Genetic markers to allow clients to examine the genetic basis or underpinnings of human pain.

Chris Anderson
NEWTON, Mass.—Clinical Data Inc. announced in mid-October an agreement withAlgynomics that will allow Clinical Data's Cogenics division to use Algynomic's proprietary panel of genetic markers to allow clients to examine the genetic basis or underpinnings of human pain sensitivity, pain conditions and responses to existing and new pain therapeutics and treatments.
"We have found that using genetics and the psychological profile of patients, we are able to very accurately predict those people most sensitive to pain and those likely to develop chronic pain," says Dr. Luda Diatchenko, a researcher at the University of North Carolina (UNC). "This information can help determine the differ­ent approaches needed for different people to properly treat their pain."

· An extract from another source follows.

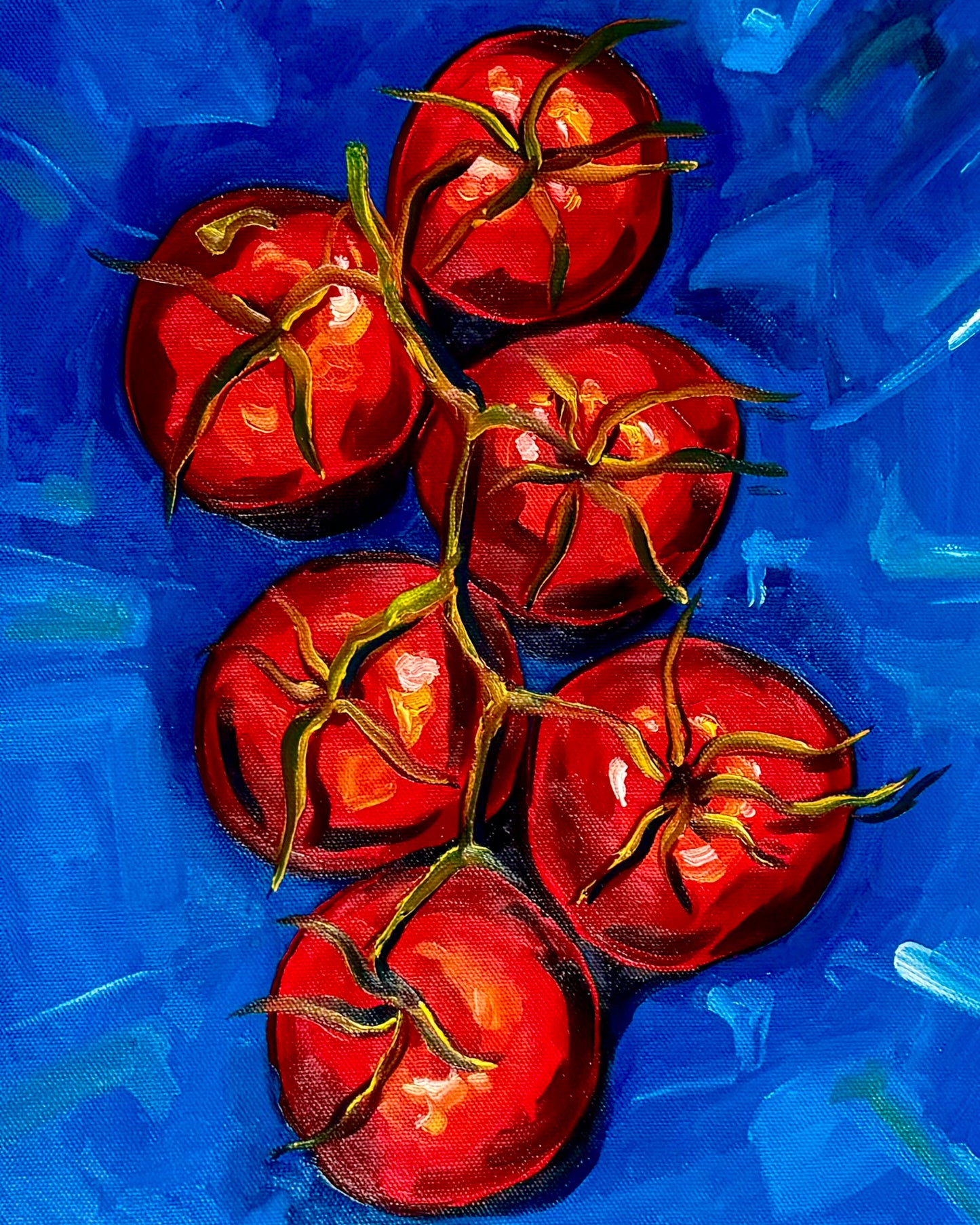 Tomatoes on Bright Blue Print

The basis of the panel to be marketed by Cogenics are more than 3,000 SNPs that have been identified by the research of Drs. William Maixner and Diatchenko con­ducted at the UNC. Patents to the genetic information developed in their research are held by UNC, which has licensed these pat­ents to Algynomics.

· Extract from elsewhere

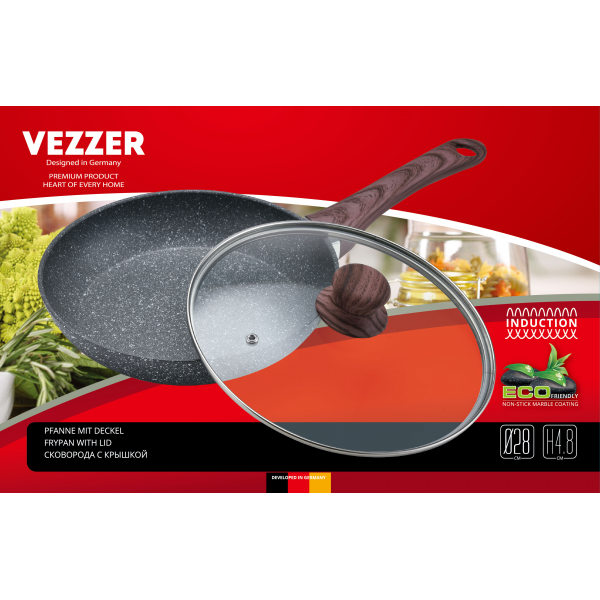 

Сковорода с крышкой Vezzer VZ2015 28 см с антипригарным покрытием гранит из алюминия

"There are some genes involved in pain that are known among researchers and some are in the public domain," says Bob Bondaryk, senior VP and GM of Cogenics. "But what is unique about Algynomics and the services we will offer are the SNPs themselves."

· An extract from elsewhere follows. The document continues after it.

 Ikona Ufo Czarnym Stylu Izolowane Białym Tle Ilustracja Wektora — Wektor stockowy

Cogenics believes there is a sig­nificant market for the service. "When we take a look at it and try to outline the market, we believe the number is in the hundreds of research labs that could take advantage of this," says Bondaryk.
For now, the panel will be a one-size-fits-all solution, Bondaryk notes.
"There are about 3,200 SNPs and that is a pretty broad collec­tion to be working with," he says. "As we get the chips out and go into validation studies we hope to be able to cut down the number of SNPs on each chip down to make it more manageable."
Diatchenko hopes Algynomics is now taking its first steps to provide a basis for wider study of pain.
"Pain is an understudied area," she says. "Our hope is that we can help provide a better understand­ing of how it works for researchers looking to develop new treatments and be able to accurately predict who will respond better to particu­lar treatments."